Take the lines below from the one with "1999 Lexus RX" through the one with "Fjällräven's classic Kånken" and retype them exactly. Include nothing else, and no pictures.

• Input:
┄┄┄┄┄┄┄┄┄┄
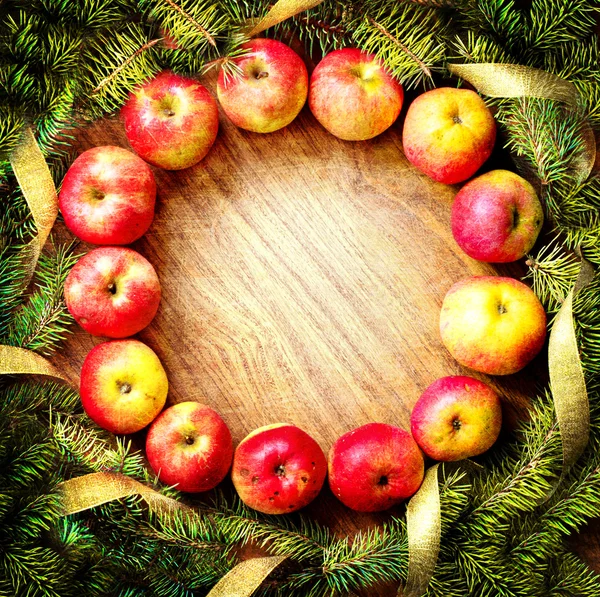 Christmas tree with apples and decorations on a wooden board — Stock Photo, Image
┄┄┄┄┄┄┄┄┄┄
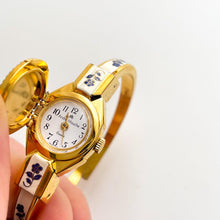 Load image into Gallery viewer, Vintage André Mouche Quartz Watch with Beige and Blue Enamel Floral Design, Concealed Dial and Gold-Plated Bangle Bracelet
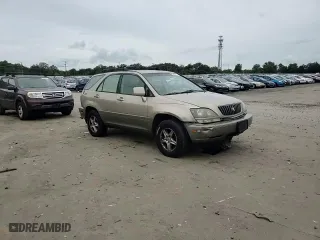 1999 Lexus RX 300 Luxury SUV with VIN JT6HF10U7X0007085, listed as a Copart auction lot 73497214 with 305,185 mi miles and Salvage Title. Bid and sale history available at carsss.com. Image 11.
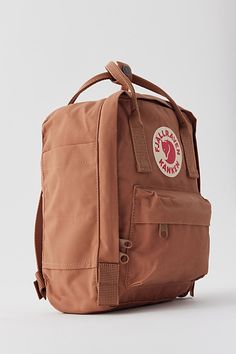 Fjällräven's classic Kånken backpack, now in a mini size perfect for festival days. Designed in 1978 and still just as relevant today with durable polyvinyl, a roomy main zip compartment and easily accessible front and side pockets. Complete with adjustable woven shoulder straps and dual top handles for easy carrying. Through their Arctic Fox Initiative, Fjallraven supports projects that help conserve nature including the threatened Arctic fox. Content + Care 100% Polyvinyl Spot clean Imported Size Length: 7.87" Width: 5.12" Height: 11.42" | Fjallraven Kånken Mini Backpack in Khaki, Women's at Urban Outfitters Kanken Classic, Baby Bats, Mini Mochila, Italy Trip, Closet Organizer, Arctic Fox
┄┄┄┄┄┄┄┄┄┄
• Final answer:
 1999 Lexus RX 300 Luxury SUV with VIN JT6HF10U7X0007085, listed as a Copart auction lot 73497214 with 305,185 mi miles and Salvage Title. Bid and sale history available at carsss.com. Image 11.
 Fjällräven's classic Kånken backpack, now in a mini size perfect for festival days. Designed in 1978 and still just as relevant today with durable polyvinyl, a roomy main zip compartment and easily accessible front and side pockets. Complete with adjustable woven shoulder straps and dual top handles for easy carrying. Through their Arctic Fox Initiative, Fjallraven supports projects that help conserve nature including the threatened Arctic fox. Content + Care 100% Polyvinyl Spot clean Imported Size Length: 7.87" Width: 5.12" Height: 11.42" | Fjallraven Kånken Mini Backpack in Khaki, Women's at Urban Outfitters Kanken Classic, Baby Bats, Mini Mochila, Italy Trip, Closet Organizer, Arctic Fox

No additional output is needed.